African-American women have the nation’s highest rates of obesity, according to the federal Office of Minority Health. It said African American women were 70 percent more likely to be obese than non-Hispanic white women. Obesity trends among blacks and whites in Missouri are similar to those nationwide. A 2010 study showed that the overall rate of obesity in Missouri had risen to more than 29 percent but that the rate among blacks across the state was 38.4 percent. In 2011, the overall rate for St. Louis was 31 percent or nearly 10 percent lower than the rate in predominantly black areas four years earlier, suggesting that the rate in black communities always has been higher.
The St. Louis Beacon has begun a year-long initiative, called Fit City, to report on obesity on the north side, a part of St. Louis where rates of obesity, diabetes and cardiovascular diseases are disproportionately high. Because obesity is a preventable condition, heading it off would save the nation the billions of dollars spent now and in the future to treat chronic diseases that can be triggered by obesity and inactive lifestyles.
Bennett does not suggest the epidemic shouldn’t be tackled or that more fitness programs aren’t needed. Rather, he is arguing that the chronic illnesses associated with the epidemic need not affect everyone who happens to be slightly obese.

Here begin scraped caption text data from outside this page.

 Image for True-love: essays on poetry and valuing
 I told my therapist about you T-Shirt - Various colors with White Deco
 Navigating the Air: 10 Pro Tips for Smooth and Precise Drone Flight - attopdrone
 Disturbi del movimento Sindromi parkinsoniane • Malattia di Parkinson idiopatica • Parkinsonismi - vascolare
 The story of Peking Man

Obesity is a condition under which body weight is sharply higher than the recommended body mass index. For black women struggling with weight problems, Bennett suggests a body mass index of between 30 to 35.
“They are obese, but that’s a small level of obesity,” he says. “But the problem is that everyone gains weight over time. Black women tend to gain about a pound and a half to two pounds a year. If you continue with that minimum weight gain over a 10-to-20 year period, it creates a level of obesity that becomes very problematic for your health.”
That is why his focus is on helping women maintain their current weight rather than worry about losing pounds.
“All we say is that it’s OK to be a little obese, but once you are there, try to not gain additional weight. We find that it’s possible to not gain additional weight when women like the way they look and feel about their level of obesity. It’s much easier to accomplish than to get them to lose weight.”
Bennett mentions a weight of between 180 and 190 for a woman who is about 5’6”.
“That’s obese,” he concedes. “But many people who haven’t developed additional health problems like hypertension and diabetes can afford to stay at that weight.”
Asked how black women were responding to his arguments: “Our experience has been that people are very pleased,” he says. “Many black women don’t value thinness so the idea of losing weight in order to achieve a thin body shape is something that my patients have never been interested in.”
His patients, he says, “are happy with the idea that they can be a little bit heavier and maintain their shape in the way they would like.”
Still, he doesn’t dismiss the real danger of being overweight.
“Obesity among black adults is a major problem,” he says. “It’s an economic problem, a social challenge and a health issue. But the idea of maintaining your body weight at low levels of obesity is a real advantage that blacks have, and we should try to capitalize on that.”